_Work to complete_
Everything from the line holding "任君翱翔漫画免费下拉式六漫画网" to the last line of the material below must be retyped exactly, minus any pictures.

- Opening Delimiter -

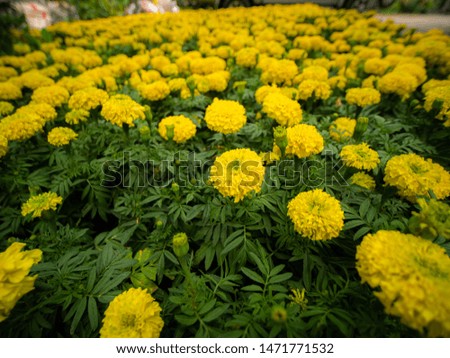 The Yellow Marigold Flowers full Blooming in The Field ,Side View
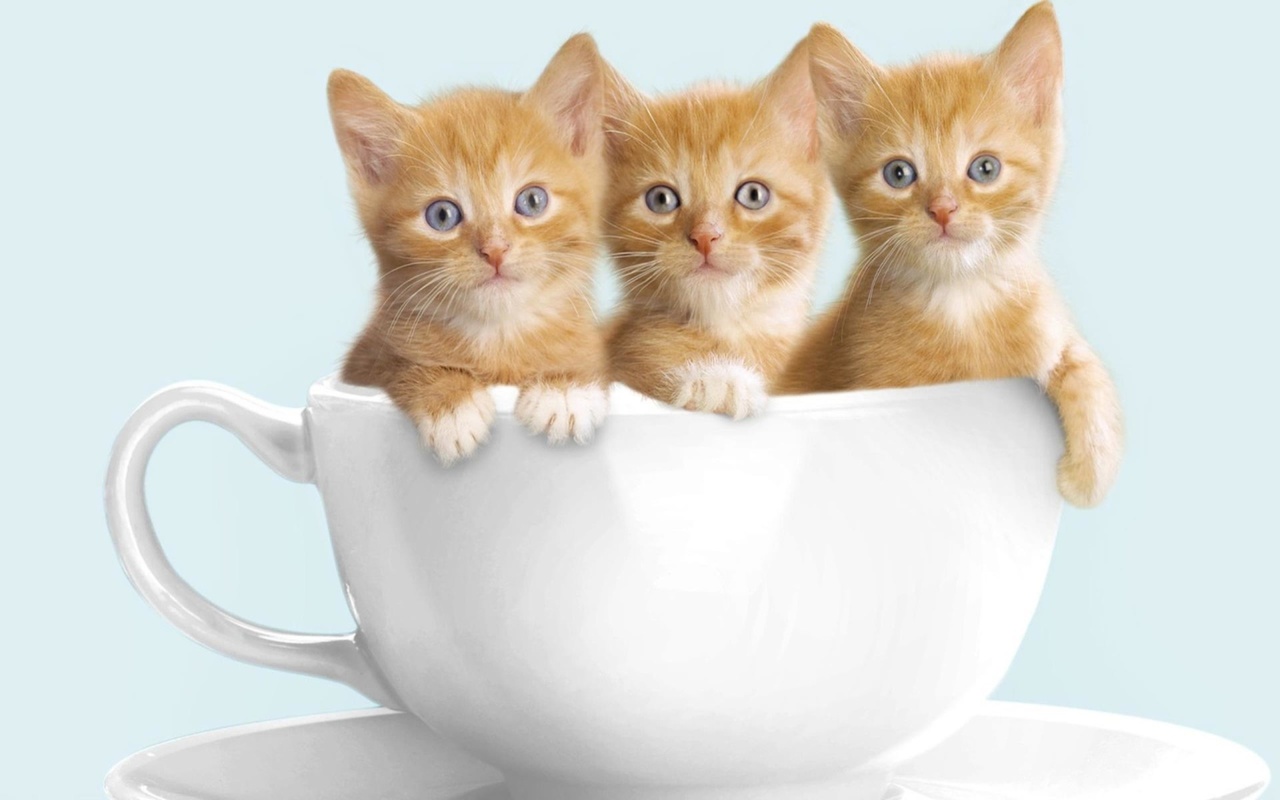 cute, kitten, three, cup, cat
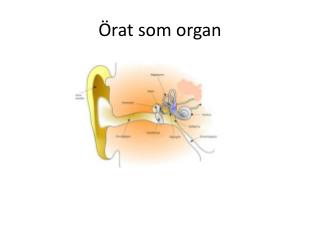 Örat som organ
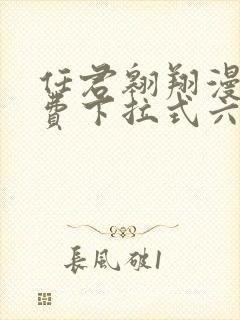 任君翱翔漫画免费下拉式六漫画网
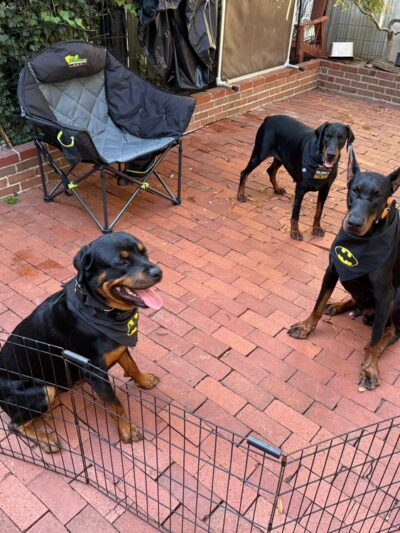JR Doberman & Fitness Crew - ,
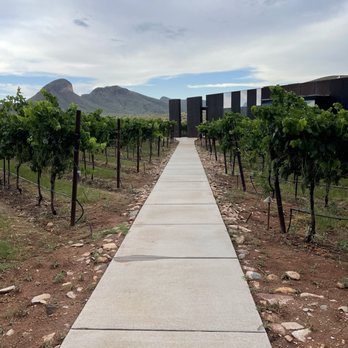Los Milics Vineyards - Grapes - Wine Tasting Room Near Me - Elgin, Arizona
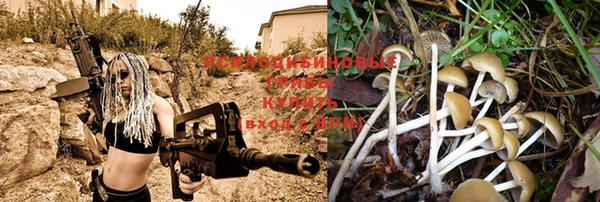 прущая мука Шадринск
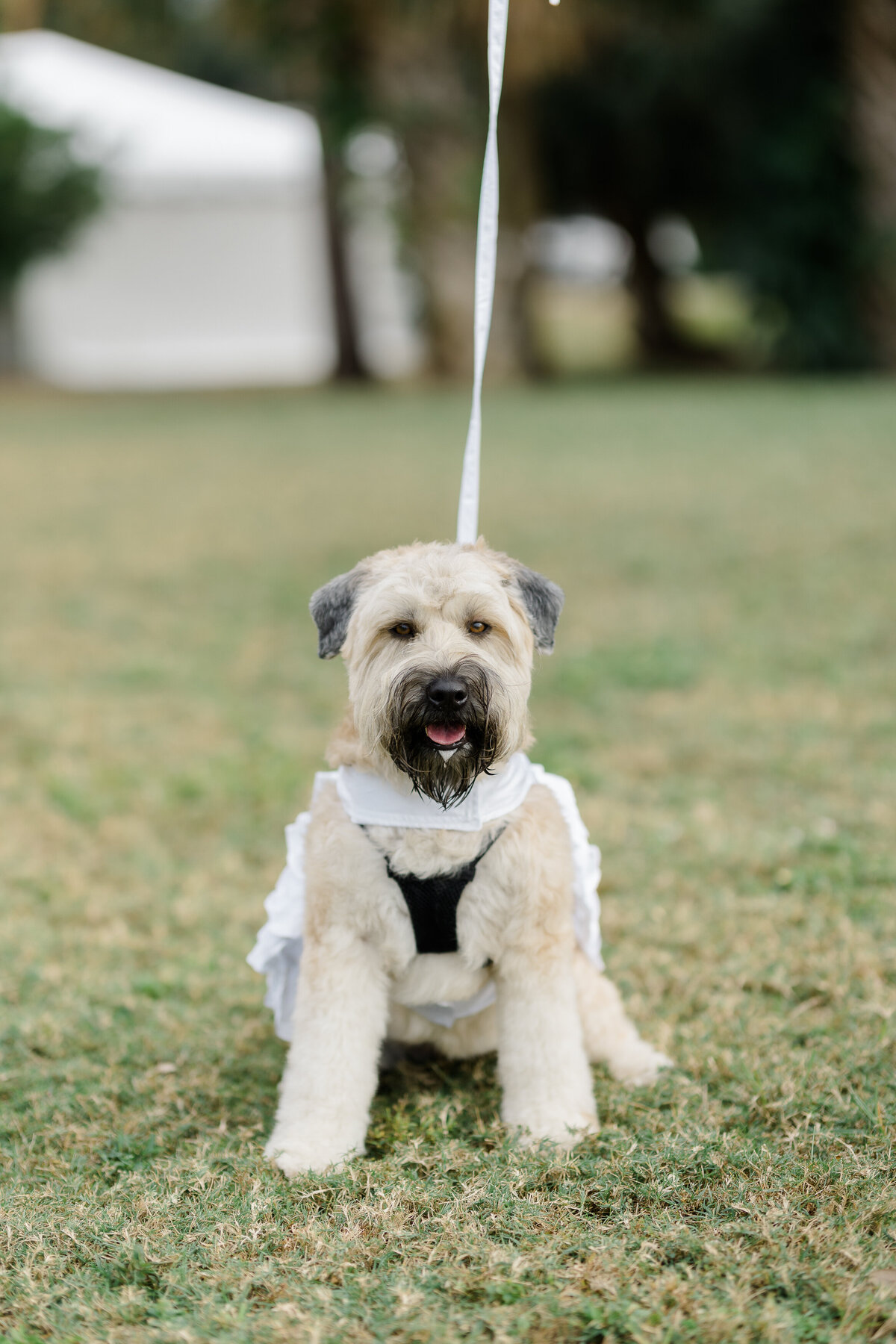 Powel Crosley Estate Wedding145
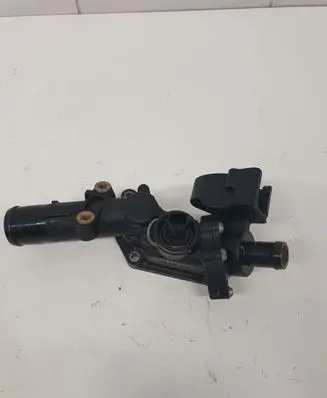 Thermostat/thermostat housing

- Closing Delimiter -

_Answer to this problem_
 任君翱翔漫画免费下拉式六漫画网
JR Doberman & Fitness Crew - ,
Los Milics Vineyards - Grapes - Wine Tasting Room Near Me - Elgin, Arizona
 прущая мука Шадринск
 Powel Crosley Estate Wedding145
 Thermostat/thermostat housing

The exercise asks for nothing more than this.